Two dimensional modeling of sewage sludge flow in a double-axis continuous paddle dryer

Abstract

A two-dimensional model based on the theory of Markov chain has been developed to determine the Residence Time Distribution (RTD) of municipal sewage sludge in a double-axis continuous paddle dryer. Based on the experiments, the paper proposes further corrections to simulate the transition. To characterize the sludge transition in the dryer, the parameter of internal recirculation based on one dimensional model is further developed. In addition, two parameters, the internal forward coefficient between two axes and the internal forward coefficient in one axis are introduced to characterize the new model. In absence of available correlation, solid hold-up of each cell in dryer and both the recirculation parameters are identified by fitting the model to experiments.
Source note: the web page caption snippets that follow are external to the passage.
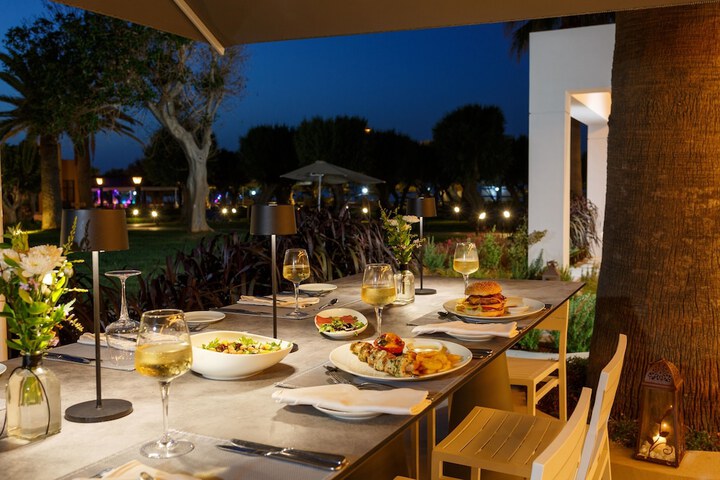 Dining 176 of 209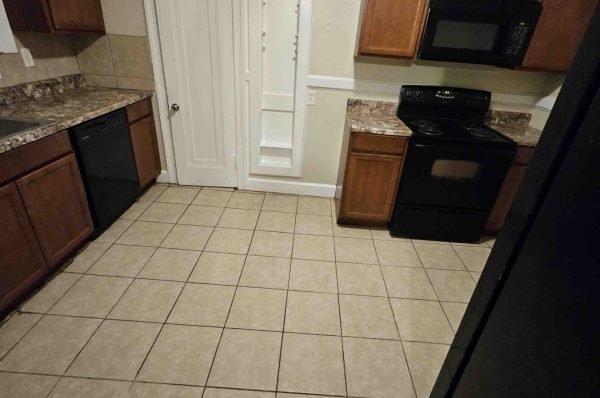 1766180239348_cjdnscuf1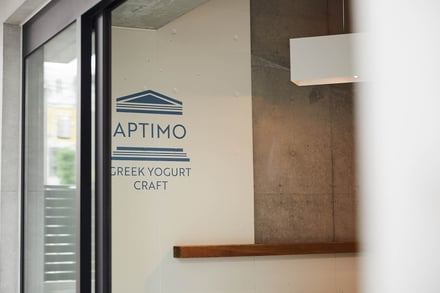 APTIMO GREEK YOGURT CRAFT店頭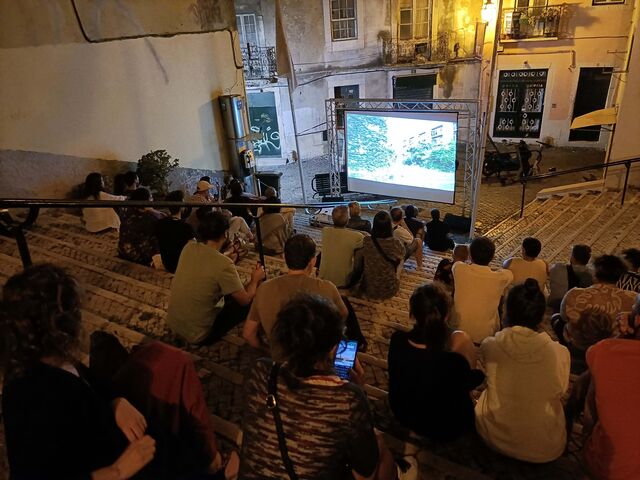 Este ano, na sua terceira edição oficial, o Cinalfama propõe-se, uma vez mais, a celebrar o cinema independente com projeções ao ar livre e de acesso gratuito, entre os dias 22 e 26 de julho.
Through analysis, the model demonstrates its ability to describe the sludge flow in a double-axis continuous paddle dryer by the experimental and simulation RTD curve. Finally, an analysis of influence factors highlights that recirculation coefficients are critical for the model while solid hold-up Hu of each cell controls the mean residence time and the final moisture content. In addition, the geometric residence time of sludge flow has a negligible effect on sludge flow for it has no effect on dimensionless variance. Moreover, compared with the recirculation coefficient between different axes R, the recirculation coefficient in one axis r has a negligible effect. In addition, recirculation parameters have no effect on mean residence time of sludge flow.